State farmers leery of bill compromise

? A day after lawmakers reached a tentative deal on a farm bill, many Kansas farmers remained wary of it.

The compromise bill would boost farm spending by about 70 percent, and marked a reversal of the 1996 market-oriented approach of the farm program it replaces.

Price guarantees, known as loan rates, will be increased for major crops, and the bill revives a target price system, abolished by the 1996 Freedom to Farm Act, to provide additional income.

Larned farmer Tom Giessel said the proposal overall is a step in the right direction, but it does not go far enough and should provide more money for farmers.

“I made my commitment to produce food for the people. I love doing it. I want to continue doing it, but I have to have the income,” Giessel said.

“I have to be able to repay the money I borrow. I have to have a return on my land and capital investment. And besides that I have a family, no different than anyone else in this nation.”

Terms of the new six-year deal were sketchy, and remain subject to change pending some final negotiations and revisions in cost estimates. No figures on the financial effect to Kansas were available.

The bill also will include a new subsidy program for dairy farmers; a requirement that meat, fish and produce be labeled with the country of origin, starting in two years; and a new $2 billion conservation program to reward crop farmers for improved environmental practices, lawmakers said.

Out in farm country, the proposed farm bill met with a mixed response from farmers many who were relieved that they have something more solid to bank on.

“It could have been a lot worse. I think we should be happy we have it done. We have wheat in the ground this year that isn’t under program now,” said Brett Myers, executive vice president for the Kansas Association of Wheat Growers.

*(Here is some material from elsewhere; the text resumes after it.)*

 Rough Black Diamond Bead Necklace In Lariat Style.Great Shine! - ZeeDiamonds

He said the bill at least gives farmers, and their bankers, an idea of some of the fixed payments they can expect.

“It doesn’t look horribly wrong, but it is not the moon either,” Myers said.

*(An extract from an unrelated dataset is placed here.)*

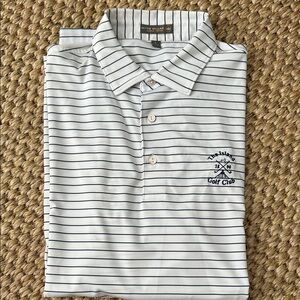 Peter Millar White and Blue Striped Polo Shirt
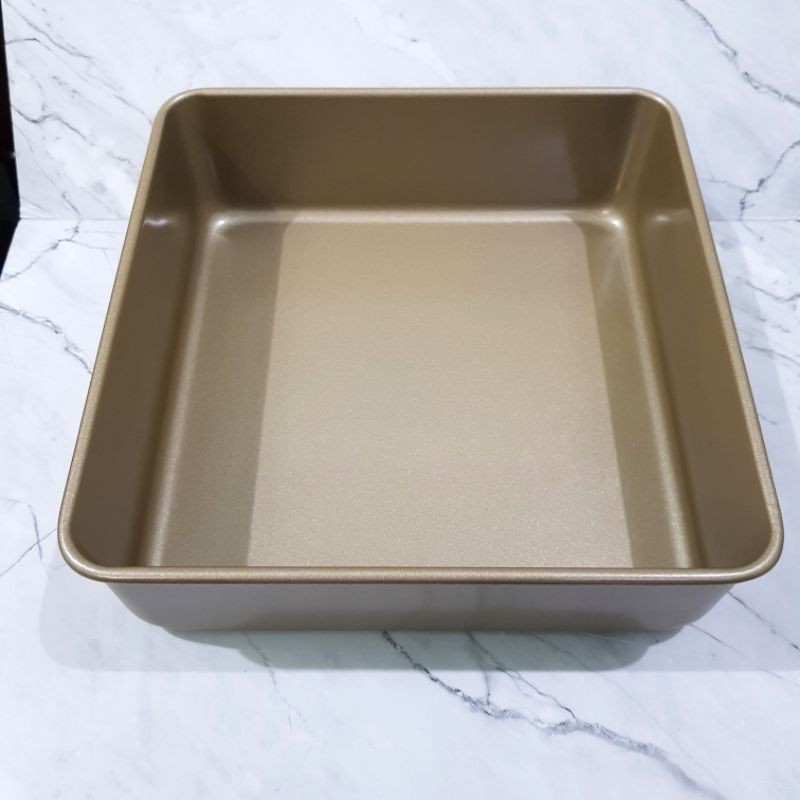 baking pan loyang persegi kotak 24cm tinggi 8cm anti lengket tebal roti kue kering cake deep square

Farmer Donn Teske called the farm bill compromise a Band-Aid, saying it does nothing to put a floor on market prices. Despite the bigger farm bill, it does not provide as much money to farmers than they got in past years with the farm bailouts.

“I’ve had to go off the farm to feed my family, and this isn’t going to allow me to farm full time,” he said. “It is a third less than we have been getting in government payments.”